TRÉSOR DE MUSIQUE # 01

🇫🇷

Clavecin IR 1624, Ioannes Ruckers, 1624 (Anvers)
Modifié aux XVIIe et XVIIIe siècles (France)
Bois et métaux divers, papier, peinture à l’huile, or, ivoire, plume, soie de sanglier, résine
L. 230 cm, l. 84,5 cm, H. (fermé) 94 cm,
Musée Unterlinden, Colmar, inv. 80.7.1
© Musée Unterlinden, Colmar / Thierry Ollivier

Note : 5 sur 5.

Texte : Raphaël Mariani, conservateur du patrimoine, directeur scientifique adjoint, Musée Unterlinden, Colmar

Fabriqué en 1624 à Anvers dans l’atelier de Ioannes Ruckers (1578-1642), le clavecin du musée Unterlinden témoigne du savoir-faire de la dynastie des Ruckers, des facteurs de clavecins réputés dès le XVIIIe siècle et dont les instruments ont été diffusés dans toute l’Europe. Modifié à plusieurs reprises entre 1680 et 1720 environ, il a été négligé au XIXe siècle avant de bénéficier depuis 50 ans d’un regain d’intérêt marqué grâce au renouveau de la musique baroque. Son entrée dans les collections du musée Unterlinden a permis à cet instrument exceptionnel d’être connu à la fois du monde musical et d’un large public, grâce aux concerts, aux enregistrements et aux copies de clavecins modernes qui l’ont pris pour modèle.

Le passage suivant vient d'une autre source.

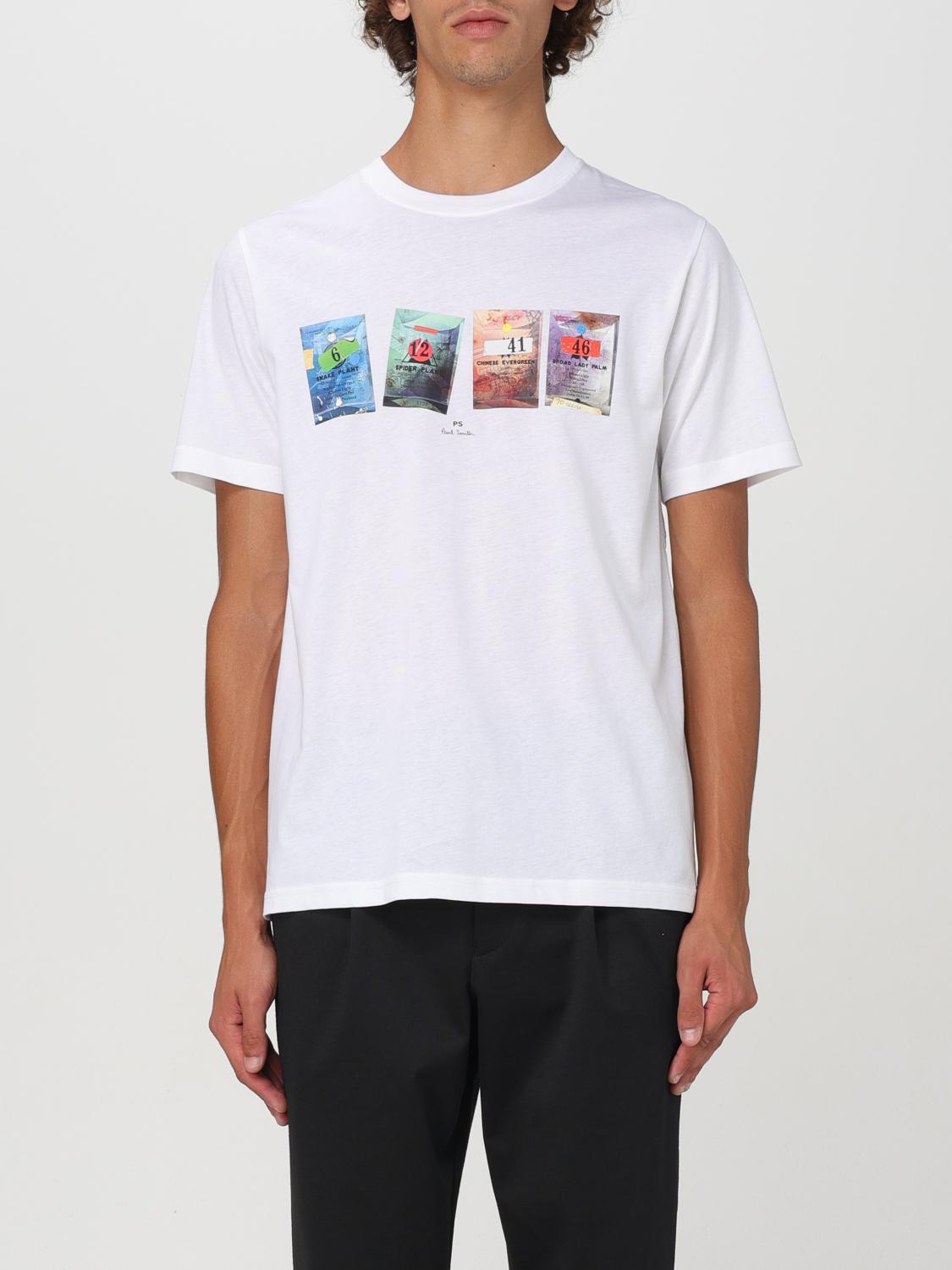 Shop Ps By Paul Smith T-shirt Ps Paul Smith Men Color White In Weiss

Daté grâce au millésime 1624 peint sur sa table d’harmonie, le clavecin de Colmar correspond au modèle de clavecin flamand le plus élaboré du début du XVIIe siècle : il disposait à l’origine de deux claviers superposés et indépendants dits « transpositeurs », qui n’étaient pas destinés à être joués ensemble. Les deux claviers des clavecins transpositeurs étaient décalés d’une quarte mais utilisaient les mêmes cordes, c’est-à-dire un jeu de 8 pieds et un jeu de 4 pieds dans le cas du clavecin de Colmar. Au XVIIe siècle, les musiciens jouaient en effet dans de nombreux diapasons et les clavecins transpositeurs leur permettaient en quelque sorte de disposer de deux instruments dans la même caisse.
Du décor flamand d’origine subsiste le décor peint de la table d’harmonie à motifs de fleurs, d’oiseaux et de papillons. Les papiers caractéristiques des Ruckers, à motifs de frises d’arabesques et imprimés à partir de matrices en bois, sont encore visibles autour des claviers et de la table d’harmonie. Les papiers de la fosse à claviers s’inspirent en la simplifiant d’une frise ornementale présente dans un recueil destiné aux orfèvres et publié en 1554 à Anvers par le graveur flamand Balthasar van den Bos (1518-1580). Ceux entourant la table d’harmonie ont pour modèle La fleur de la science de pourtraicture, un recueil de motifs de broderies mauresques publié à Paris en 1530 par l’artiste florentin Francesco Pellegrino (?-1552). Le reste du décor d’origine a en revanche disparu. Par comparaison avec d’autres clavecins Ruckers, on peut supposer que le piétement était à balustres en chêne tourné et la caisse peinte en trompe l’œil de faux marbre rouge ou vert. Selon l’usage des Ruckers, l’intérieur du couvercle devait être soit recouvert d’un papier peint à effet moiré orné d’une devise latine, soit orné d’une composition peinte à l’huile – scène mythologique, scène de genre ou paysage.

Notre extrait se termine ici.